Das Wachstum der Schweizer Wirtschaft dürfte 2022 nicht mehr so stark sein wie im vergangenen Jahr. (Bild: Shutterstock.com/Jaro68)
Das Wachstum der Schweizer Wirtschaft dürfte 2022 nicht mehr so stark sein wie im vergangenen Jahr. (Bild: Shutterstock.com/Jaro68)

Die Schweizer Wirtschaft dürfte 2022 nicht mehr so stark zulegen wie im vergangenen Jahr, aber doch mit einem BIP-Wachstum von 2,5 Prozent erneut überdurchschnittlich wachsen. Nach dem Abebben der aktuellen Omikron-Welle orten die Raiffeisen-Ökonomen vor allem bei den während der ganzen Pandemie stark gebeutelten personennahen Dienstleistungsbranchen weiteres Aufholpotenzial. Die Inflation bleibe dabei in der Schweiz im Zaum, auch wegen eines unverändert zur Stärke neigenden Schweizer Frankens.

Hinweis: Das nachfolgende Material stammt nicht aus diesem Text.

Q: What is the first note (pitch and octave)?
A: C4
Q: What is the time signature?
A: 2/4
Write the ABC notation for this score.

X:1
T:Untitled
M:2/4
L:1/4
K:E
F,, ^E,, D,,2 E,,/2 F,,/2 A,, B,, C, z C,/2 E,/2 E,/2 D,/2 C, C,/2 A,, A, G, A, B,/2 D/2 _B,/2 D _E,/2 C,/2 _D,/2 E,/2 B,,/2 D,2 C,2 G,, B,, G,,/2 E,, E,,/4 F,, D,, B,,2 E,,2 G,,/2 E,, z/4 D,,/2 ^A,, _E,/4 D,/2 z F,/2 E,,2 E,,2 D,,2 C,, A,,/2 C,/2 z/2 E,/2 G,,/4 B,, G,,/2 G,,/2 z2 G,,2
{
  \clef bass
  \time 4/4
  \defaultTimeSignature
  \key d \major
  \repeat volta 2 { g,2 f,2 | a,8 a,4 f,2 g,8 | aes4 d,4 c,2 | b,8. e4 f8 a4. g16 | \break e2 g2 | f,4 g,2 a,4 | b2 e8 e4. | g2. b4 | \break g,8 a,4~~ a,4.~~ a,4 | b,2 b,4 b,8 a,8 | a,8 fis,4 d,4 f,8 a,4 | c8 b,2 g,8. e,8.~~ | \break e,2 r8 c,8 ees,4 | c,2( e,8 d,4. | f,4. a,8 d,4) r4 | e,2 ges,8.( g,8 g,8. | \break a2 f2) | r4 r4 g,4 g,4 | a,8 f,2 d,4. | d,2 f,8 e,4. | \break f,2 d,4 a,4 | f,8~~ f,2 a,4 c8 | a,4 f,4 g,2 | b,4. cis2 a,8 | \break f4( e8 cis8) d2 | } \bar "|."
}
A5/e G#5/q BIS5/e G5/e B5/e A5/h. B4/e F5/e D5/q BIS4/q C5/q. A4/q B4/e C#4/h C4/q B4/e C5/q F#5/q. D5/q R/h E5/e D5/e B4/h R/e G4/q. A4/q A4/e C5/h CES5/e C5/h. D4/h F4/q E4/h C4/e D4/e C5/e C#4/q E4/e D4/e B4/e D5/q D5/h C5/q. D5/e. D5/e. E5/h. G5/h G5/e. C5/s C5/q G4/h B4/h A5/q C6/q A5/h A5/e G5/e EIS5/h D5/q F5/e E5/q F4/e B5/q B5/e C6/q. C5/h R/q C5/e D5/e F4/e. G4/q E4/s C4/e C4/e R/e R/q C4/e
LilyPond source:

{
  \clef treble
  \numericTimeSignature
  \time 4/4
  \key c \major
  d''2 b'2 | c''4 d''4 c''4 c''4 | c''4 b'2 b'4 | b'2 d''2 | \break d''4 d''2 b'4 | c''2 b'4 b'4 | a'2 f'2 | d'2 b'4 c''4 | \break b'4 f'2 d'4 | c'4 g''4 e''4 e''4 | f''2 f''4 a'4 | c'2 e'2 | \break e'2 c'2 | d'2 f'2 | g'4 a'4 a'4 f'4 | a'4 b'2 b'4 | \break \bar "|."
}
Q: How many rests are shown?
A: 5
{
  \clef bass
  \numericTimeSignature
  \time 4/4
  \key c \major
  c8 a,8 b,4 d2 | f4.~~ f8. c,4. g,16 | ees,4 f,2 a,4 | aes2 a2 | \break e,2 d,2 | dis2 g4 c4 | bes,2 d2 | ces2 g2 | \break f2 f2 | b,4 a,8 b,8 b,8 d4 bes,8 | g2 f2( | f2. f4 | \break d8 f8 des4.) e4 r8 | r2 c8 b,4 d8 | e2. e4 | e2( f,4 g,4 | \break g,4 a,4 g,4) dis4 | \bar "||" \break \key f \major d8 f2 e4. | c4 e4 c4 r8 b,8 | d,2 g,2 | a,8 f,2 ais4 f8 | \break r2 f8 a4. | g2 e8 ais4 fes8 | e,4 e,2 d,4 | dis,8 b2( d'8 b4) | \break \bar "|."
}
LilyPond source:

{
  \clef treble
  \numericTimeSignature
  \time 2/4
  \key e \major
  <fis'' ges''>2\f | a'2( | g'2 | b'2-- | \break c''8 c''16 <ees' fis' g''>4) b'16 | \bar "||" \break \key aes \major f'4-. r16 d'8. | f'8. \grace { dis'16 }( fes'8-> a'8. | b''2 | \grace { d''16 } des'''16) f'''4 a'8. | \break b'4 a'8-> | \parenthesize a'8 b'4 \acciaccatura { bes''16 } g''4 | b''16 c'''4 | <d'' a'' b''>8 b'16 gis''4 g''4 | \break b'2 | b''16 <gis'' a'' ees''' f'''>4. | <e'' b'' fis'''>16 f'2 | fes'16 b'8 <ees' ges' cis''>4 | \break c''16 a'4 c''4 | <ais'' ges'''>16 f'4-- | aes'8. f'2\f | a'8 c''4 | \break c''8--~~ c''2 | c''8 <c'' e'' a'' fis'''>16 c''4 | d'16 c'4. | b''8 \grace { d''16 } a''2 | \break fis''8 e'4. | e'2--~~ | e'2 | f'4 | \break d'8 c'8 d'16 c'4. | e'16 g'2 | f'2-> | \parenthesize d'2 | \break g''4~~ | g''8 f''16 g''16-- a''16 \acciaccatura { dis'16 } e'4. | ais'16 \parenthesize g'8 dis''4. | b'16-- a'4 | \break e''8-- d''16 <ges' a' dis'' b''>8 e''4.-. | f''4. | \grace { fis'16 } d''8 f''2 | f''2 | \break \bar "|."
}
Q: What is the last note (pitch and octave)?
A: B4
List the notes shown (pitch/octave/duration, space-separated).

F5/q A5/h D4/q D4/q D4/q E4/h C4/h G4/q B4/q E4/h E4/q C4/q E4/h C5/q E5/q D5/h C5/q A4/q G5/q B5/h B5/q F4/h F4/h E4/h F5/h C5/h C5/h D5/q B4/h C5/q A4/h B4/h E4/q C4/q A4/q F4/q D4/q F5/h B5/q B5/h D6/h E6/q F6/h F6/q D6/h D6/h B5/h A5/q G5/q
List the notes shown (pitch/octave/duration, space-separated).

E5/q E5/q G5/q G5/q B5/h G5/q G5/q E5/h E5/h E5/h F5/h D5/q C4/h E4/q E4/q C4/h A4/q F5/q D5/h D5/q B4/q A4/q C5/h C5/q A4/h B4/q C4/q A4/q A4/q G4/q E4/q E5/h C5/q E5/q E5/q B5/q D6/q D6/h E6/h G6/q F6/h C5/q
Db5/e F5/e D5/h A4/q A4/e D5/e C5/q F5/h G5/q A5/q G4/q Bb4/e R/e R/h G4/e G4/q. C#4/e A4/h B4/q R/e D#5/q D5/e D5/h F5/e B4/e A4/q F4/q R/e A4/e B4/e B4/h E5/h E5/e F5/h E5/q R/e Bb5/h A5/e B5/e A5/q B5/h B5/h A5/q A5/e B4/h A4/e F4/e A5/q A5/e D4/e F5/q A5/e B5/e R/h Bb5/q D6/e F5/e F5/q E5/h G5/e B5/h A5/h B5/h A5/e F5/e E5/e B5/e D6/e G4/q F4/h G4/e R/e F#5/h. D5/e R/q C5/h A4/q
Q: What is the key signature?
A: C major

Anders als in den USA und eventuell auch im Euroraum dürfte in der Schweiz 2022 noch keine erste Zinsrunde eingeläutet werden. Raiffeisen-Chefökonom Martin Neff rechnet für dieses Jahr wieder mit einer Rückkehr der Schweizer Wirtschaft auf den Wachstumspfad vor der Pandemie. Die Einschränkungsmassnahmen und das Durchschütteln des Welthandels haben die Konjunktur jeweils nur kurzzeitig – und von Welle zu Welle immer weniger stark – in die Knie gezwungen. Dies dürfte auch für Omikron gelten.

Selbst bei einem explosionsartigen Anstieg der Infektionen sowie einer noch nie dagewesenen Anzahl Quarantänefälle veranschlagen die Raiffeisen-Ökonomen den maximalen Arbeitsausfall auf umgerechnet 0,3% des Jahres-BIP.

Wirtschaft wieder in reifer Phase

Wie die Raiffeisen-Ökonomen weiter ausführen, wird nach einem holprigen Jahresstart die Schweizer Wirtschaft im weiteren Jahresverlauf wieder auf den Potenzialwachstumspfad zurückfinden. Die Corona-Delle konnte in der Schweiz erstaunlich schnell ausgebügelt werden. Die umfangreichen staatlichen Auffangmassnahmen, darunter hauptsächlich die Kurzarbeitsentschädigung (KAE COVID-19), die Covid-19-Kredite und die Härtefallhilfen konnten eine Pleitewelle und massive Arbeitsplatzverluste verhindern. Die Arbeitslosenquote ist mittlerweile nahezu auf den Vorkrisenstand zurückgegangen. Damit befindet sich die Schweizer Wirtschaft nach Einschätzung der Raiffeisen-Ökonomen, ungeachtet der noch nicht einmal beendeten Pandemie, bereits wieder in einer reifen Phase.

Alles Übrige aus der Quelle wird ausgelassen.